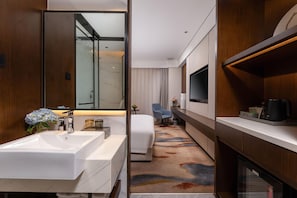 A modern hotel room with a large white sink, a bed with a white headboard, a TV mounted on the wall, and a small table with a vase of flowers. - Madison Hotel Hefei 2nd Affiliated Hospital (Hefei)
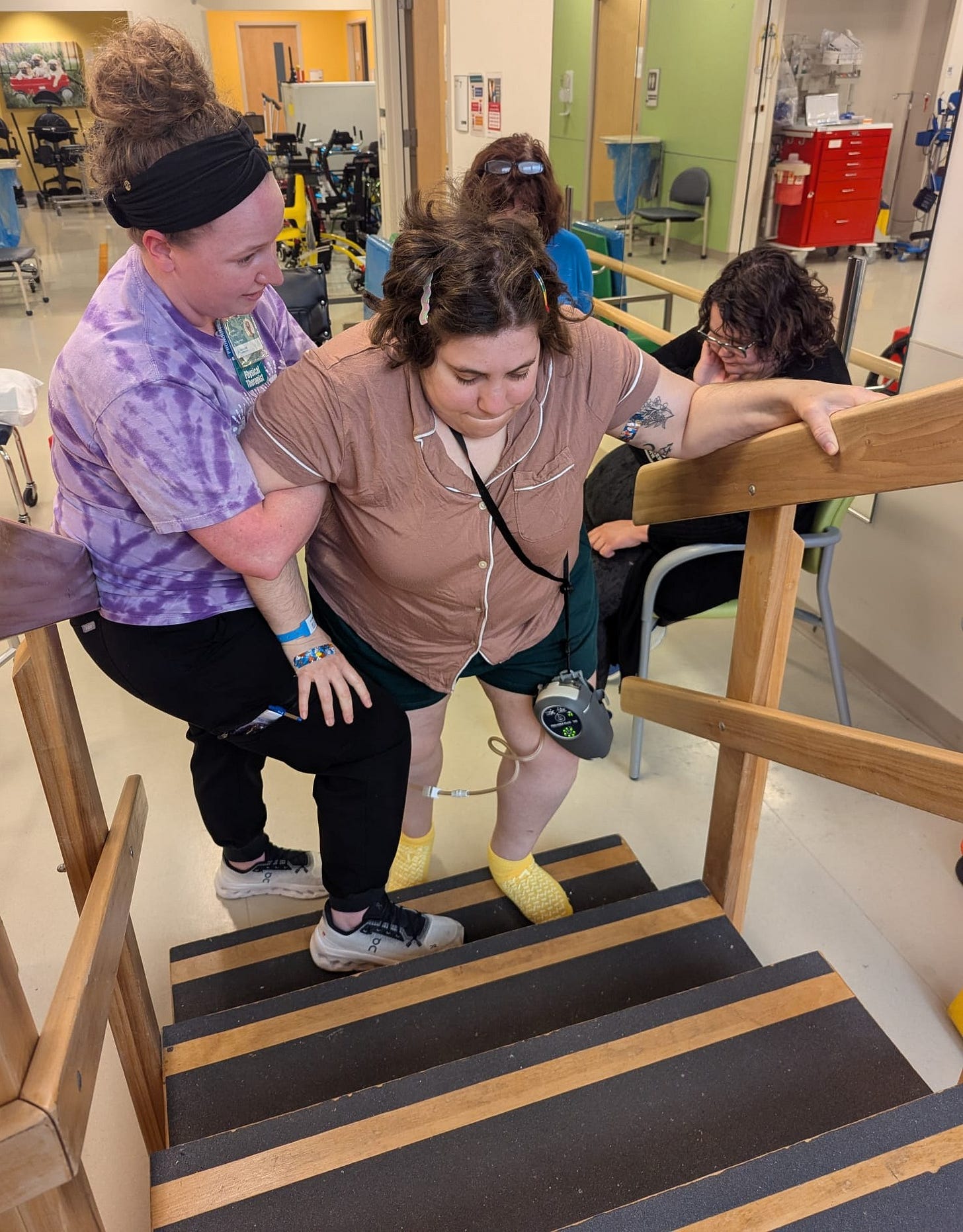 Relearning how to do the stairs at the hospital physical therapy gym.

------------------------------------------------------------------------

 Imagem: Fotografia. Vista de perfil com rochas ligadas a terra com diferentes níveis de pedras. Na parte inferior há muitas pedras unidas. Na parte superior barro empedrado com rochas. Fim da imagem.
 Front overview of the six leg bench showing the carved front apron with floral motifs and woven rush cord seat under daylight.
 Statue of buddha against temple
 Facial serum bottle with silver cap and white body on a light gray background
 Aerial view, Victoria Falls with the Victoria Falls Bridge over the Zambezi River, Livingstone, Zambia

------------------------------------------------------------------------

What you should do: Repeat, word for word, the lines above between the line holding "Imagem: Fotografia. Vista" and the line holding "Aerial view, Victoria", inclusive; omit everything else.

Solution for this task:
 Imagem: Fotografia. Vista de perfil com rochas ligadas a terra com diferentes níveis de pedras. Na parte inferior há muitas pedras unidas. Na parte superior barro empedrado com rochas. Fim da imagem.
 Front overview of the six leg bench showing the carved front apron with floral motifs and woven rush cord seat under daylight.
 Statue of buddha against temple
 Facial serum bottle with silver cap and white body on a light gray background
 Aerial view, Victoria Falls with the Victoria Falls Bridge over the Zambezi River, Livingstone, Zambia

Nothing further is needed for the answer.